Trash is collected only sporadically. On April 3, insurgents shot seven garbage collectors to death near their truck, and their bodies lay in the area for eight hours before the authorities could collect them, said Naeem al-Kaabi, deputy mayor for municipal affairs in Baghdad. In all, 312 trash workers have been killed in Baghdad in the past six months.

"Sunnis, Shiites, Christians," said Mr. Bahjat, a Christian who this month moved his family to New Baghdad, an eastern suburb, to live with a relative, before leaving for Syria. "They just want to empty this place of all people."

"We must start from zero," he said. "Maybe under zero. But there is no other choice. Even with more time, the security will not improve."

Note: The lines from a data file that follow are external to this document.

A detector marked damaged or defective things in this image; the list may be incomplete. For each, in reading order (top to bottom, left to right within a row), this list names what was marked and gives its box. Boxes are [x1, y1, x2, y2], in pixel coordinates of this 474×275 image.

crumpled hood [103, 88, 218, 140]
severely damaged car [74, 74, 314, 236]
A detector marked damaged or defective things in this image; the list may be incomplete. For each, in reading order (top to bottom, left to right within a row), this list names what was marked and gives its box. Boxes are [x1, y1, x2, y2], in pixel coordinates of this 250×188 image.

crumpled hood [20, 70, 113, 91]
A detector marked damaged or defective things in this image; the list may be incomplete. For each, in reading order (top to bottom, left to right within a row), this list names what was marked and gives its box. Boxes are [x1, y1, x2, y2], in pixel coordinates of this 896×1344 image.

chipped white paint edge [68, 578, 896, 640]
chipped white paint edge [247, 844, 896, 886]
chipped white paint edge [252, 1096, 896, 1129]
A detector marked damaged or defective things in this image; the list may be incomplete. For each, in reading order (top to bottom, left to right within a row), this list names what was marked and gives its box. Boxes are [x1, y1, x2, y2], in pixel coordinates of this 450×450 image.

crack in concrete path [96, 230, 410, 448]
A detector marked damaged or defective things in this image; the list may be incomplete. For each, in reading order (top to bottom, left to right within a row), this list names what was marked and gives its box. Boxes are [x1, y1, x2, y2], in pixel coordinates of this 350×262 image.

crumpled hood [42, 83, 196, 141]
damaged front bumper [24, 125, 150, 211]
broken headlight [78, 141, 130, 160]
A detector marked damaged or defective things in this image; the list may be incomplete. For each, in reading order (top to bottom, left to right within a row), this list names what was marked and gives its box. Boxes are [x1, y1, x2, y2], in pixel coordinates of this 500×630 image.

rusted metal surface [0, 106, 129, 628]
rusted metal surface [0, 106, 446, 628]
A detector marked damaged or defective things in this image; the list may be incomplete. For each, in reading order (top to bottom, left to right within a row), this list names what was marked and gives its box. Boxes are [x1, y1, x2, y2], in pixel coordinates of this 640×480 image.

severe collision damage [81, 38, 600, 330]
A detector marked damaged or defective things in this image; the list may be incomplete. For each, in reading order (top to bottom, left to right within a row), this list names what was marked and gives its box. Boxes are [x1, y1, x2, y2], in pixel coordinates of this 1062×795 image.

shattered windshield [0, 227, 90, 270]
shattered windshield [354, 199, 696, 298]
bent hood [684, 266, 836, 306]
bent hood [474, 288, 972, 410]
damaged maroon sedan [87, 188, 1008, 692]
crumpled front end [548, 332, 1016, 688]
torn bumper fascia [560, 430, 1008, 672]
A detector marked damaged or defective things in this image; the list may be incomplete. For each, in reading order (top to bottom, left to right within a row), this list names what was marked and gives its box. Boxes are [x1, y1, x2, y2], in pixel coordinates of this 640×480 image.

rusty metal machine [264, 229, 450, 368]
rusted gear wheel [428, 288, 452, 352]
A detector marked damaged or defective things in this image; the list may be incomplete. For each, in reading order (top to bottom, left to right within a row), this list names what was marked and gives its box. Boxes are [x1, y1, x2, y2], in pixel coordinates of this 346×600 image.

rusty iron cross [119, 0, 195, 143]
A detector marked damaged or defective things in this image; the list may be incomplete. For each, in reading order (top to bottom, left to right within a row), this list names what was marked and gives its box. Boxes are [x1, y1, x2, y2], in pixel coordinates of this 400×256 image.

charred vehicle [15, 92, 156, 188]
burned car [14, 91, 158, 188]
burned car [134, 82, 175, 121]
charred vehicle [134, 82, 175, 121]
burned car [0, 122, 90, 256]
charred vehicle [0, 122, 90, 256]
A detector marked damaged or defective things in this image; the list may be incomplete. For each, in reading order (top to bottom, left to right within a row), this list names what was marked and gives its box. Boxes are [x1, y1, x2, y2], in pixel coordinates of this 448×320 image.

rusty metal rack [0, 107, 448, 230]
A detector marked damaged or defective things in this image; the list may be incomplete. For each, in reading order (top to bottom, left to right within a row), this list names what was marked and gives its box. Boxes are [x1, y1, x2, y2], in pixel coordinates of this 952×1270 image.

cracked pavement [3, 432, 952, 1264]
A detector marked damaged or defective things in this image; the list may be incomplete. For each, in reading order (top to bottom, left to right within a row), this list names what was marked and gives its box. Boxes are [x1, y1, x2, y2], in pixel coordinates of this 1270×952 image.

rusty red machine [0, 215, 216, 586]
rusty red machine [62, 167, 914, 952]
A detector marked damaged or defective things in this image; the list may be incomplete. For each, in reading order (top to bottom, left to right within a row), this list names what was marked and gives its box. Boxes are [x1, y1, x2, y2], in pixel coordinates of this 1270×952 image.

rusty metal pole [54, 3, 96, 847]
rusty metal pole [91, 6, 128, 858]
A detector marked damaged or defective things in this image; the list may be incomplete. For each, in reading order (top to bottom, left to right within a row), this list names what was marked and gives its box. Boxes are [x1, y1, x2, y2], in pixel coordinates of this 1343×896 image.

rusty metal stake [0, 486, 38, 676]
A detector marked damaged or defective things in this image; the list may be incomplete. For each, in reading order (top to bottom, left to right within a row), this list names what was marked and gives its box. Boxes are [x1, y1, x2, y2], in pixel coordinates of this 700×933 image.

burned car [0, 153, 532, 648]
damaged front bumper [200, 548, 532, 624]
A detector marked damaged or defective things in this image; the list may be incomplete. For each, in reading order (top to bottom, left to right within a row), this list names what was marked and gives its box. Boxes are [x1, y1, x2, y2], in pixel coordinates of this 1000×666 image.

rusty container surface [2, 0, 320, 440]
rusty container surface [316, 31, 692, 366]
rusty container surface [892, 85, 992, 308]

It is more than just the killing that has sapped hope for the future. Iraqis have waited for five months for a permanent government, after voting in a national election in December, and though political leaders are on the brink of announcing it, some Iraqis say the amount of haggling it took to form it makes them skeptical that it will be able to solve bigger problems.

Abd al-Kareem al-Mahamedawy, a tribal sheik from Amara in southern Iraq who fought for years against Saddam Hussein, compared the process to "giving birth to a deformed child."

As if to underscore the point, a scene of sorrow unfolded just outside Mr. Mahamedawy's gate, where an extended family gathered, full of nervous movement, and absorbed the news of the strangling death of their 13-year-old boy by kidnappers. A woman brought her hands to her head in the timeworn motion of mourning.

Even with the resolve to leave, many departing Iraqis said they consider the move only temporary and hope to return if Iraq's fractious groups are united and stem the tide of the killings.

Cars and furniture are sold, but those who can afford it, like the Abdul Razzaq family, hang on to their properties. In Khadra in western Baghdad, Nesma Abdul Razzaq, Mr. Abdul Razzaq's wife, has spent the past months carefully wrapping their photographs, vases and furniture in cloth and packing them in boxes. She spoke of the sadness of the empty rooms and the pain of having to build a new life in a strange place.

"I have a rage inside myself," Mrs. Abdul Razzaq said by telephone, as her area, since last autumn, has become unsafe for a Western reporter to visit. "I feel desperate."

"I don't want to leave Iraq. But I have to for the kids. They have seen enough."

In a quiet block in Mansour, a wealthy neighborhood in central Baghdad, where stately, gated homes are lined with pruned hedges, the Kubba family spends most of its time indoors. They have hung onto their lifestyle: three of their children study violin, flute, and ballet in an arts school outside the neighborhood despite encroaching violence.

Last fall, a foul smell led neighbors to the bodies of seven family members in a house several doors down from the Kubbas. They had been robbed. Fehed Kubba, 15, went to buy bread last year and saw a crowd near the bakery that he assumed was watching a backgammon game. When he pushed in to look, he saw a man who had just been shot to death.

But it was the increasingly sectarian nature of the violence, deeply painful to Iraqis who are proud of their intermarried heritage, that tipped the scales as Falah Kubba and his wife, Samira, considered leaving with Fehed, Roula, 13, and Heya, 12.

"The past few months convinced us," said Mr. Kubba, a businessman whose wife is Sunni. "Now they are killing by ID's. The killing around Americans was something different, but the ID's, you can't move around on the streets."

"At the beginning we said, 'Let's wait, maybe it will be better tomorrow,' " Mr. Kubba said.

"Now I know it is time to go."


NYT

I wonder what happens to people that can't afford to move to Jordan.